Problem requirements: Transcribe the records verbatim, images excluded.

Supplied material:

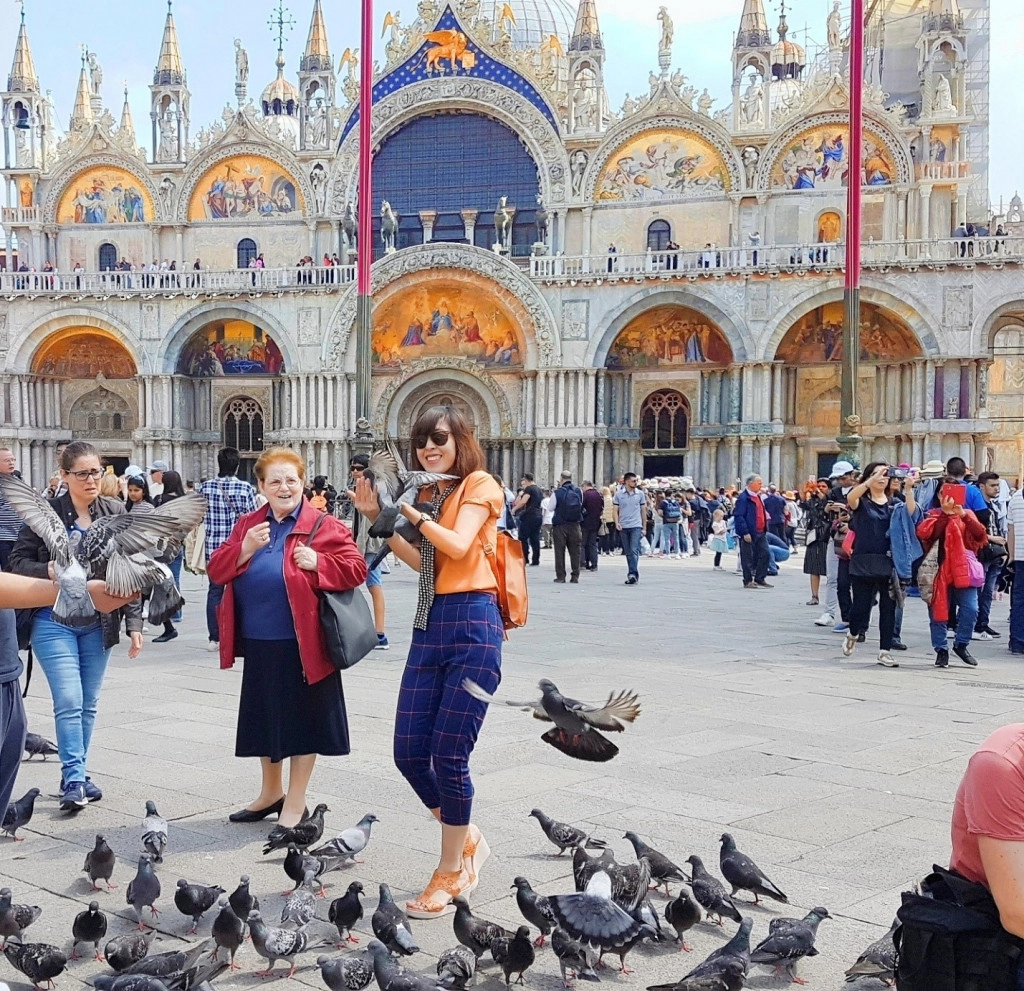 Trung tâm của quảng trường trước Vương cung Saint Mark's Basilica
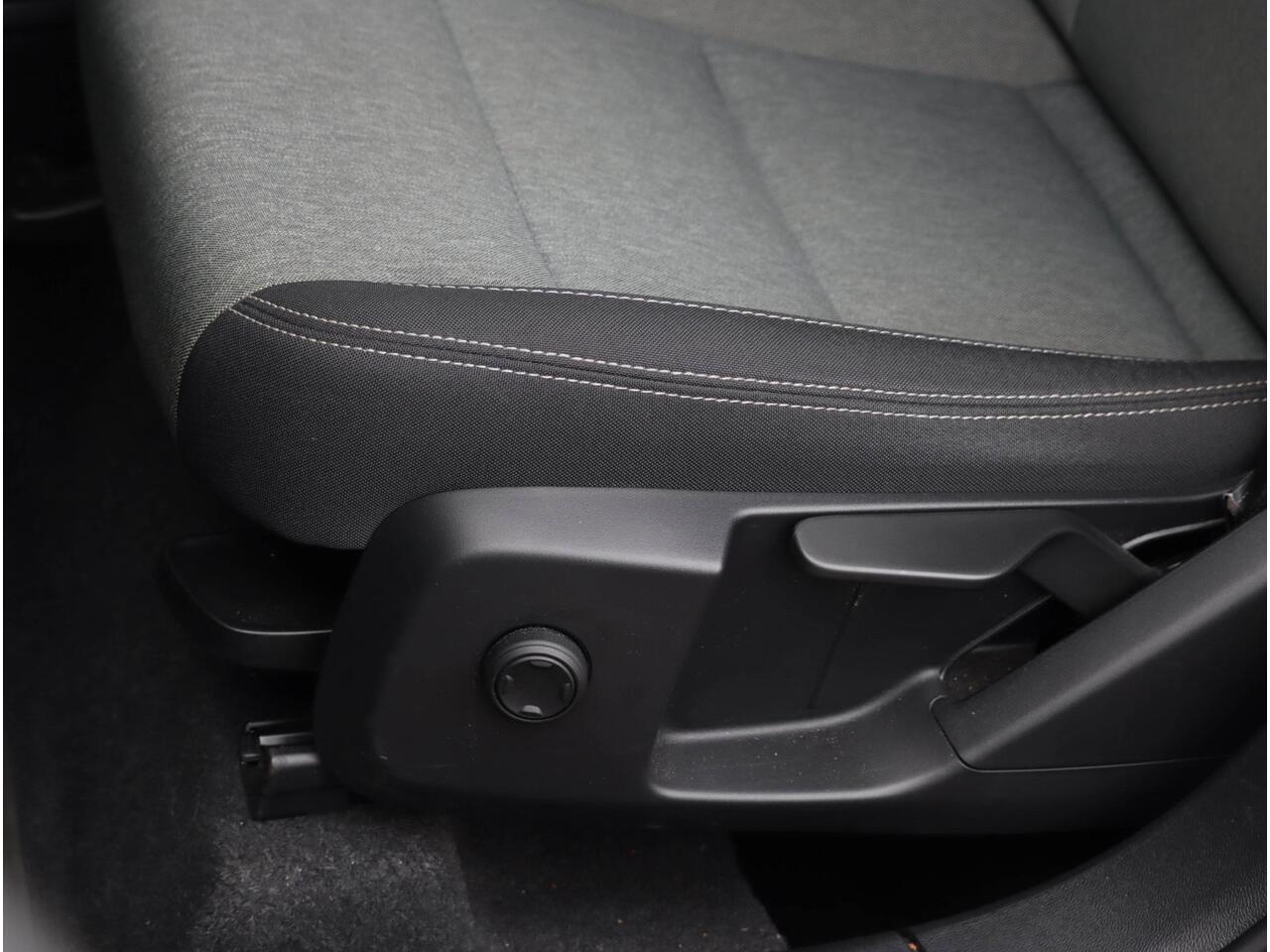 Volvo XC40 T4 Recharge Inscription Expression 211PK Stoel/stuurverwarming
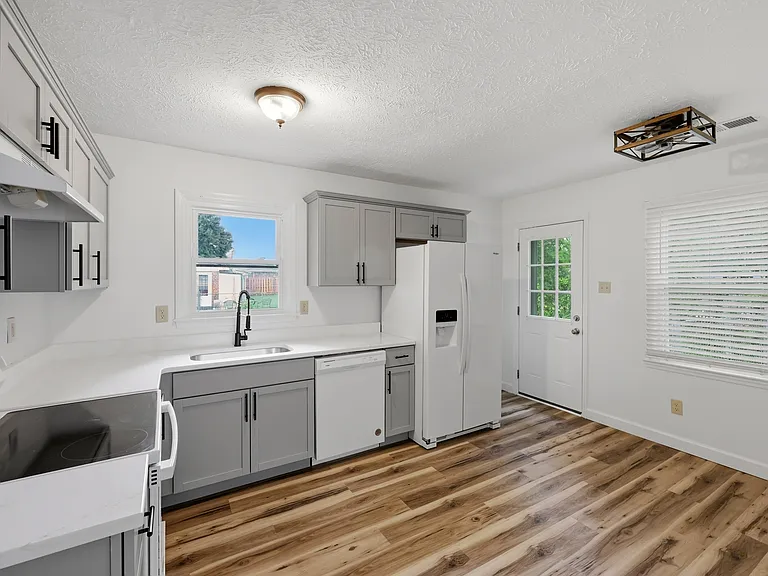 199 Dunroven Dr — Photo 6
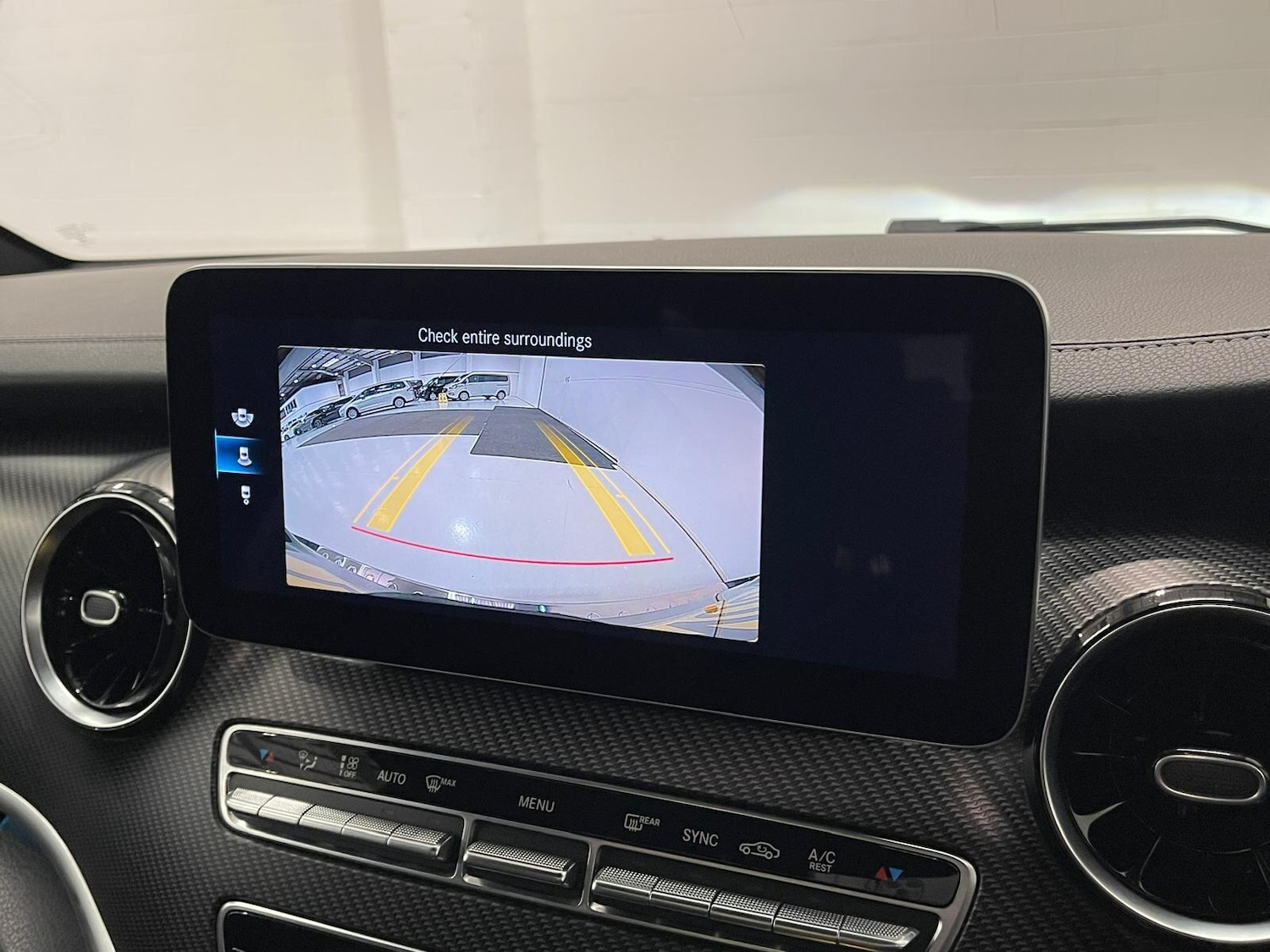 Used Mercedes-Benz V-Class 2022 for sale - 76399352: Photo 73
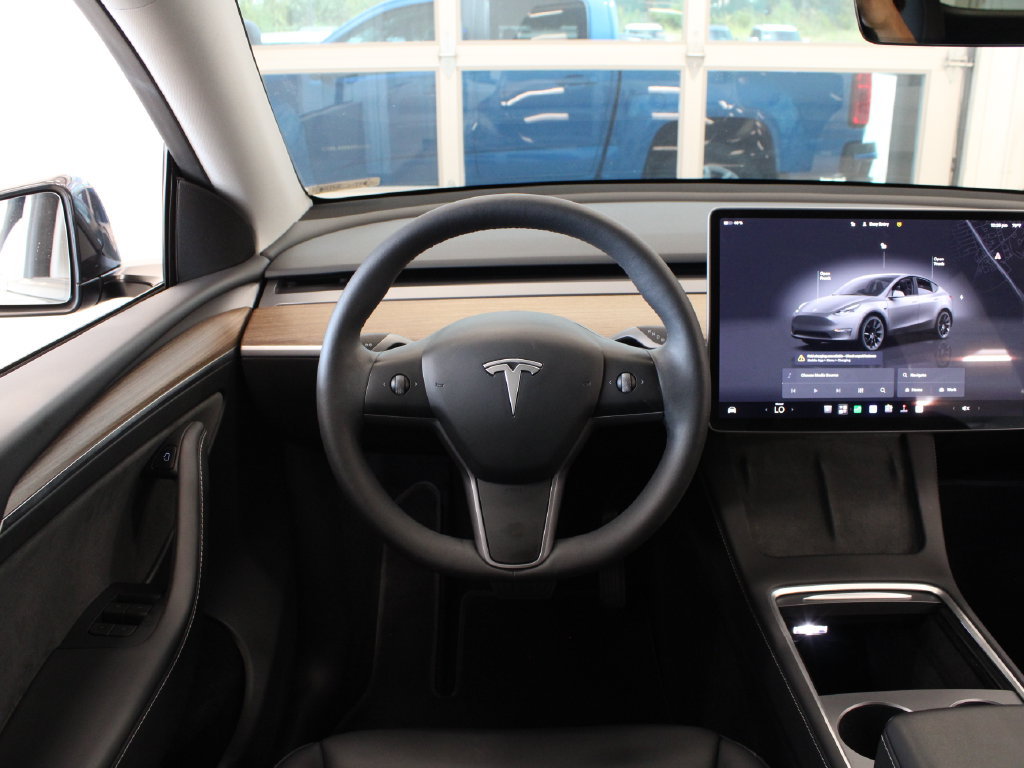 Used 2024 Tesla Model Y Long Range AWD/4WD image 22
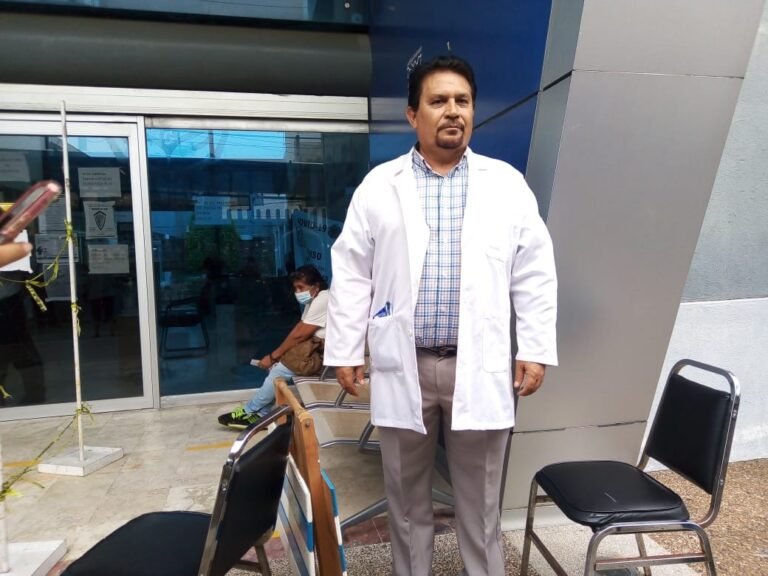 Doctor da consulta en explanadade ISSSTE; protesta por carencias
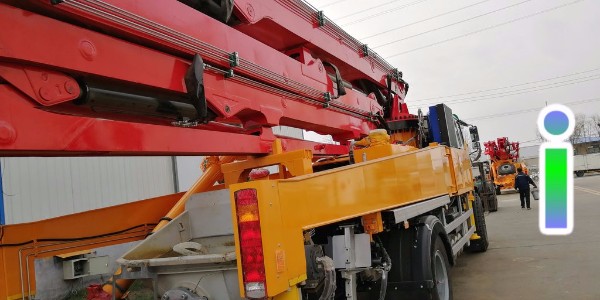 小型泵车的输送缸总是发出异响，怎么办？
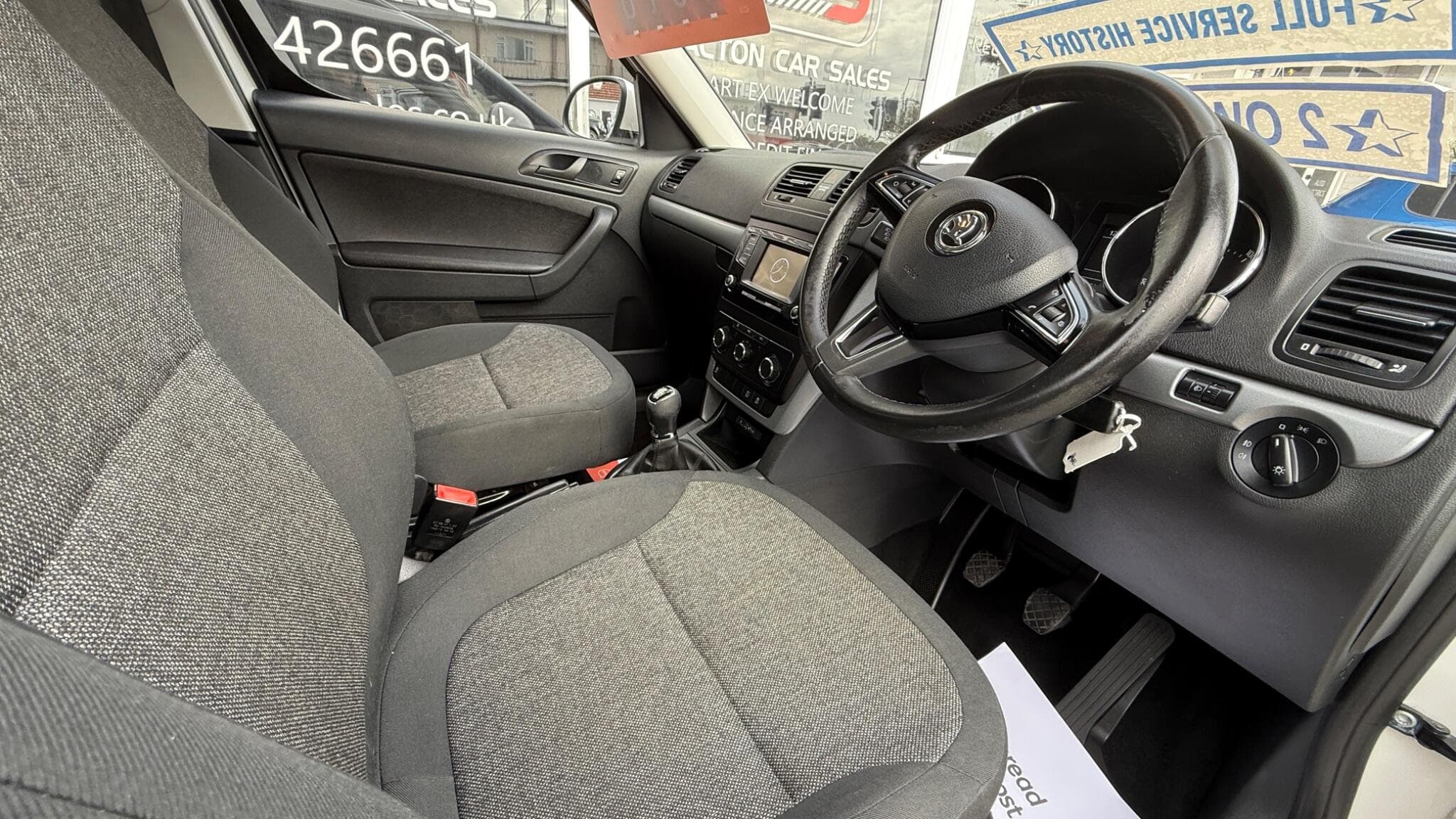 2015 Skoda Yeti - Image 9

Response:
 Trung tâm của quảng trường trước Vương cung Saint Mark's Basilica
 Volvo XC40 T4 Recharge Inscription Expression 211PK Stoel/stuurverwarming
 199 Dunroven Dr — Photo 6
 Used Mercedes-Benz V-Class 2022 for sale - 76399352: Photo 73
 Used 2024 Tesla Model Y Long Range AWD/4WD image 22
 Doctor da consulta en explanadade ISSSTE; protesta por carencias
 小型泵车的输送缸总是发出异响，怎么办？
 2015 Skoda Yeti - Image 9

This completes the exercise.